Es hora de retomar el camino interrumpido. “El camino de la sinodalidad es el camino que Dios espera de la Iglesia en el tercer milenio” (Papa Francisco, 17 de octubre de 2015). En 2022 se celebrará el sínodo “Iglesia y sinodalidad”. Según nosotros, por camino sinodal no se debe entender las reformas de las instituciones, aunque necesarias, pero no esenciales: previendo formas democráticas y “cuotas para las mujeres”; estrategias que no lograrán que la Iglesia sea sinodal.

Sería como imitar al mundo. El punto central de la sinodalidad es “quién participa”, quién realiza el discernimiento del camino, que no pertenece sólo a los pastores, sino sobre todo al “rebaño”, al “pueblo de Dios”. El eje auténtico de la sinodalidad parece ser la recuperación eclesiológica del “pueblo”. En cuanto a las “cuotas para las mujeres”, no queremos trivializar el problema de la mujer en la Iglesia. María, determinante para la Iglesia apostólica, como mujer, esposa, madre, discípula, ilumina claramente la dignidad y la tarea de la mujer desde el principio. Hoy habría que tener el valor de hacer realmente espacio y asignar los roles.
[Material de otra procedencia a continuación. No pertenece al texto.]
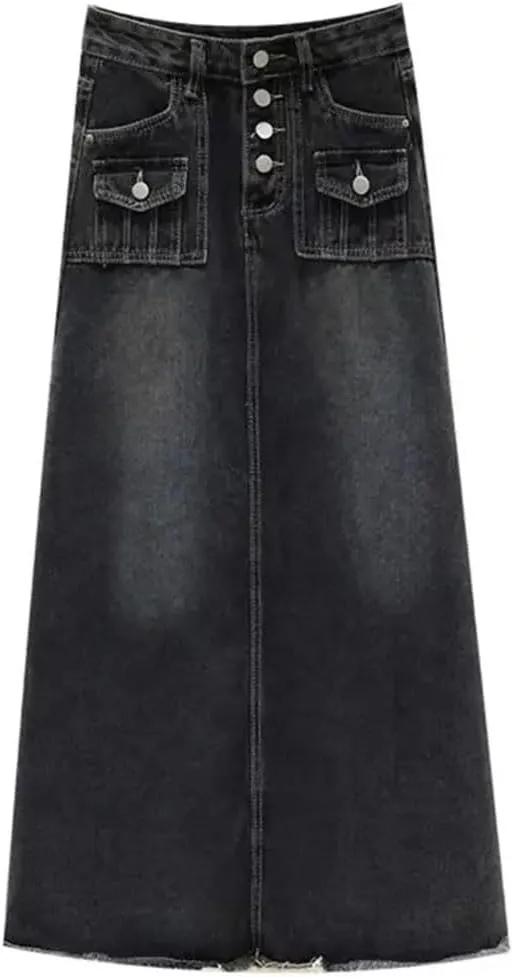 Women's High Waisted Denim Skirt Spring Long A-Line Frayed Raw Edges Washing Jeans Skirt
El camino a emprender tiene como referencia a María, madre y modelo de la Iglesia sinodal. Leyendo a María en clave eclesiológica, el Concilio Vaticano II ha identificado el “tipo de la Iglesia”: la Iglesia se refleja en María. Contemplándola puede responder, citando a von Balthasar, a la pregunta sobre sí misma: no “qué es la Iglesia”, sino “quién es la Iglesia”.